Publié dans La Voix du Nord
Au début du siècle dernier, vivait à Mons un
architecte haut en couleurs, Eugène-Gabriel Pagnerre. On lui doit
quelques-unes des plus belles façades de la ville, comme le 205 de la
rue du général de Gaulle, qui fut son premier cabinet d'architecte.
Eugène Gabriel, personnage complexe, tirait parti, avec talent, de ses propres contradictions. Né à Petite-Synthe, dans le Dunkerquois, il a été toute sa vie un régionaliste convaincu, a défendu la langue flamande et glorifié les qualités de droiture et de courage de « l'homme du Nord ».
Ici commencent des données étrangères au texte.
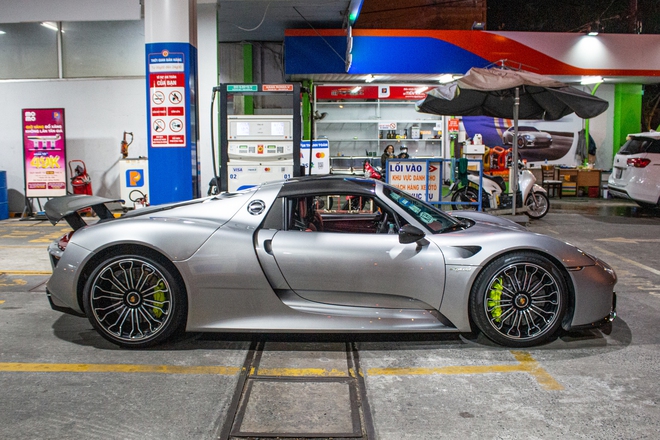 Porsche 918 Spyder và loạt siêu xe tại TP.HCM ra đường đón năm mới - Ảnh 4.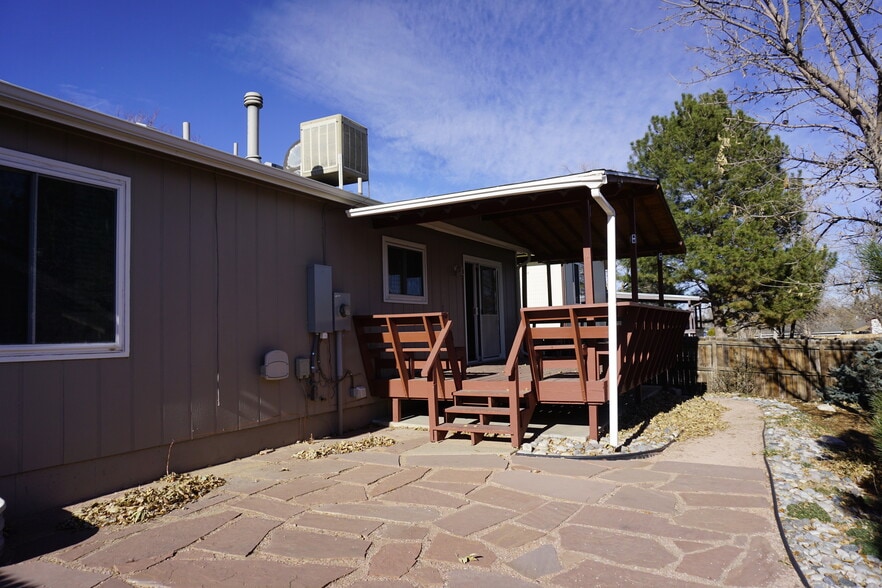 Building Photo - 16056 E Oxford Dr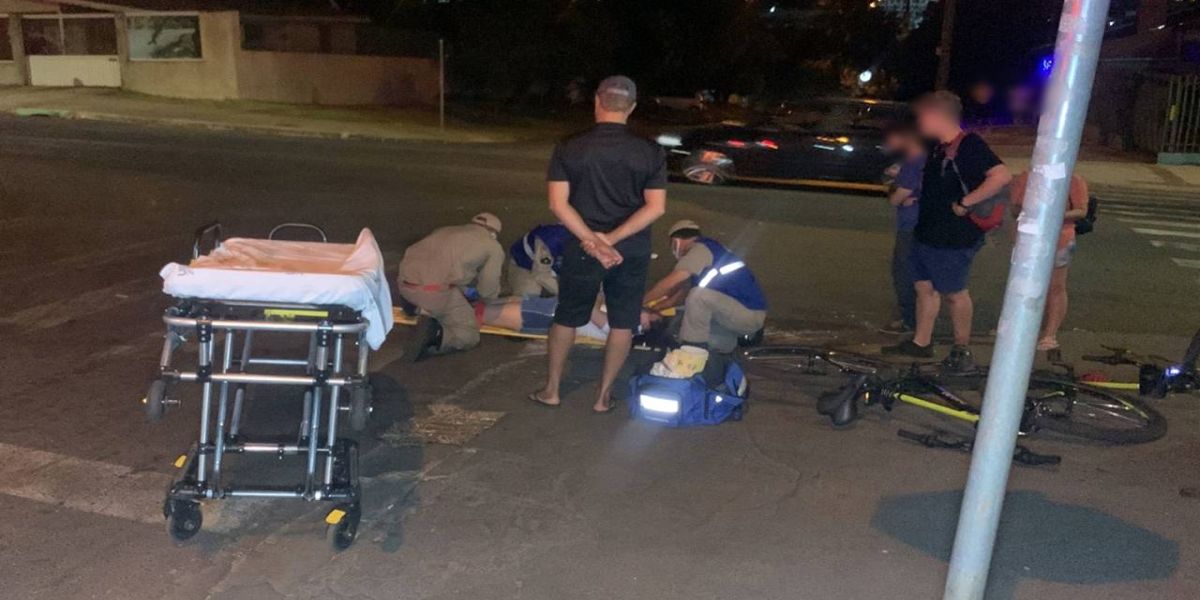 Ciclista sofre suspeita de fratura em clavícula após colisão de trânsito na Rua Ipanema em Cascavel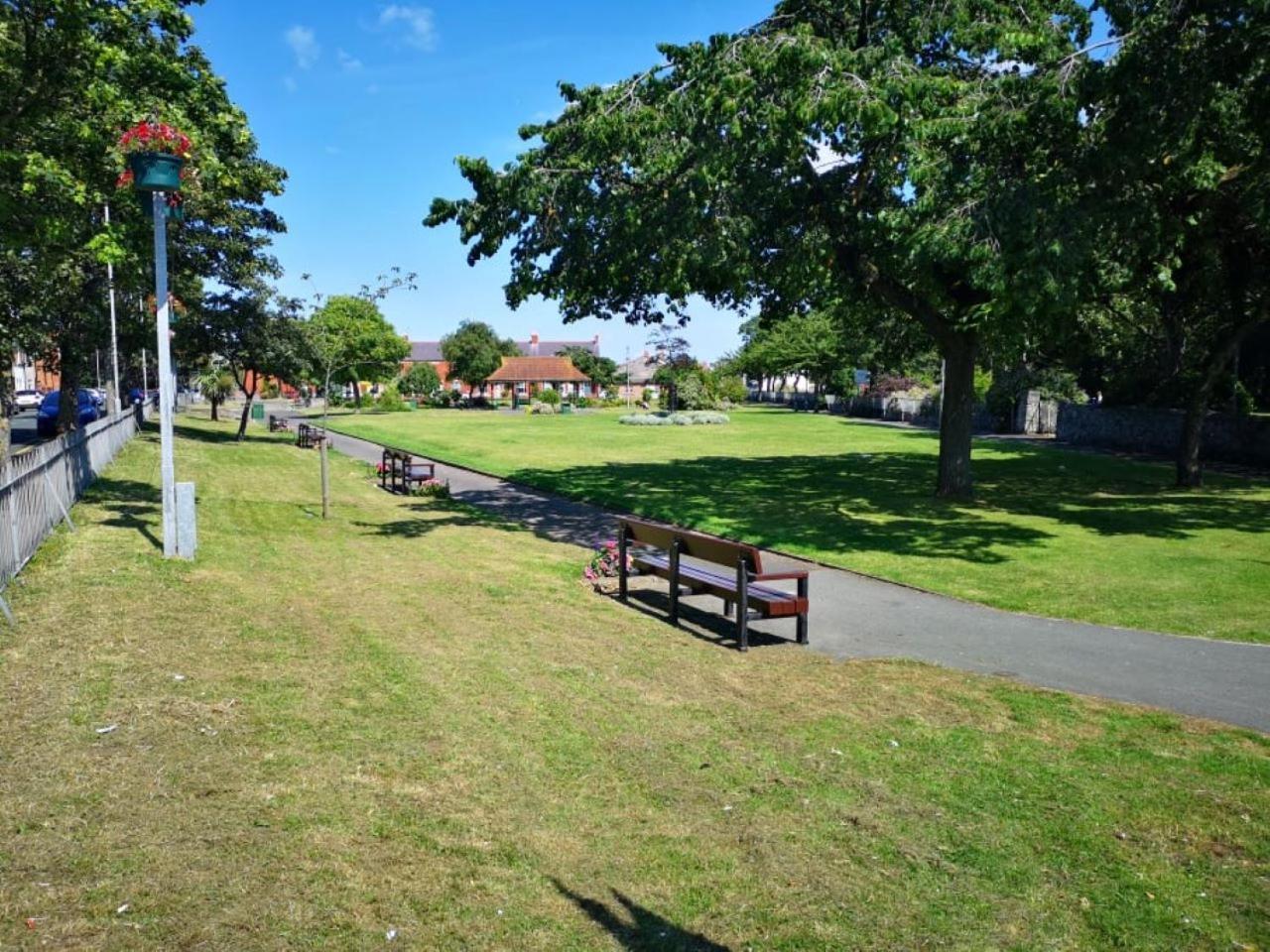 Vale View Apartment, Prestatyn, North Wales - A Stylish, Dog-Friendly Holiday Let Just A 5 Min Walk To Beach & Town! Екстер'єр фото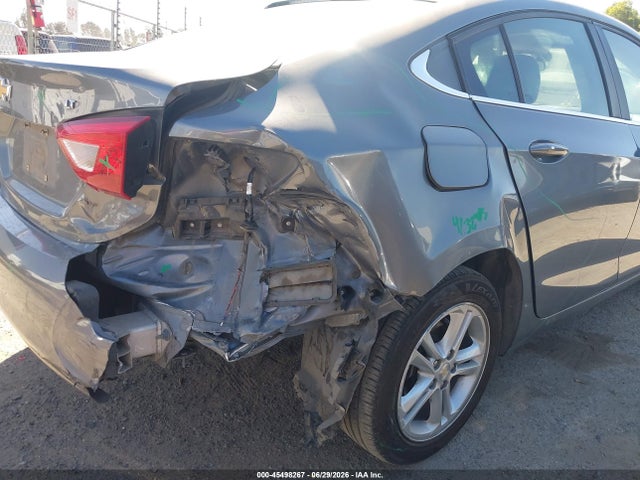 1G1BE5SM7J7245905 Chevrolet Cruze Lt Auto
En même temps il était un Européen farouche. Il
s'inspirait volontiers de l'Art nouveau d'Albert Roosenboom et Victor
Horta, dont les maisons bruxelloises étaient à une portée de voiture,
ainsi que de l'architecture Arts and Craft, anglaise. Il connaissait
très bien Mallet-Stevens, et Le Corbusier, qu'il fit venir à Lille en
1933.
En perpétuel renouvellement, l'architecte monsois entendait
toujours se situer à la pointe des nouvelles tendances et des nouvelles
techniques, tout en exprimant son génie régional. Ce mélange osé est
toujours visible sur les façades de ses maisons. Il s'y côtoie des
soubassements en béton armé préfabriqués en usine et des pignons
d'inspiration flamande ou des fenêtres à colombage évoquant les villas
du bord de mer.
Eugène-Gabriel se rêvait aussi, parfois, en
urbaniste. « Puissent les Français du Barœul, Lillois, Roubaisiens,
Tourquennois, s'unir pour l'accomplissement du vœu commun et bâtir avec
ferveur la métropole qui, par sa masse et son importance économique,
sera la seconde ville de France... en attendant de devenir, par son
rayonnement pacifique et son nordisme inaltéré, la première de
l'Occident continental », écrivait-il dans Au Nord, un astre nouveau,
1929.
Il ne craignait pas de mettre ses idées en pratique et de
proposer son propre schéma urbain. Il situe le centre de cette nouvelle
métropole, « capitale de l'Europe », à Mons-en-Baroeul, précisément au
niveau de la nouvelle mairie.
Sur ce plan « bleu » daté du 17 décembre
1925, on distingue une grande place vers laquelle convergent plusieurs
avenues. Elle rappelle, toutes proportions gardées, la place de
l'Étoile, à Paris.
Dans le même esprit, la ville a été divisée en
arrondissements organisés dans le sens des aiguilles d'une montre. Il
existe un axe Est-Ouest (avenue Robert-Schuman) et un axe Nord-Sud
(Marc-Sangnier), tout comme aujourd'hui. Finalement, Henri Chaumette, à
qui l'on doit les plans de l'ancien Nouveau Mons, avait eu à peu près la
même idée... la place exceptée !
Gabriel Pagnerre en a rêvé et,
bientôt, la Ville l'aura fait ! La nouvelle place sera très différente
de ce projet centenaire. On n'y verra pas toutes les voitures de la
métropole y converger. Ce sera un coeur de ville piétonnier et vert, au
centre de deux axes perpendiculaires qui lui ressemblent.
Probablement, l'idée n'aurait pas déplu à l'architecte. En tout cas, il
n'aurait pas renié ce nom de place de l'Europe.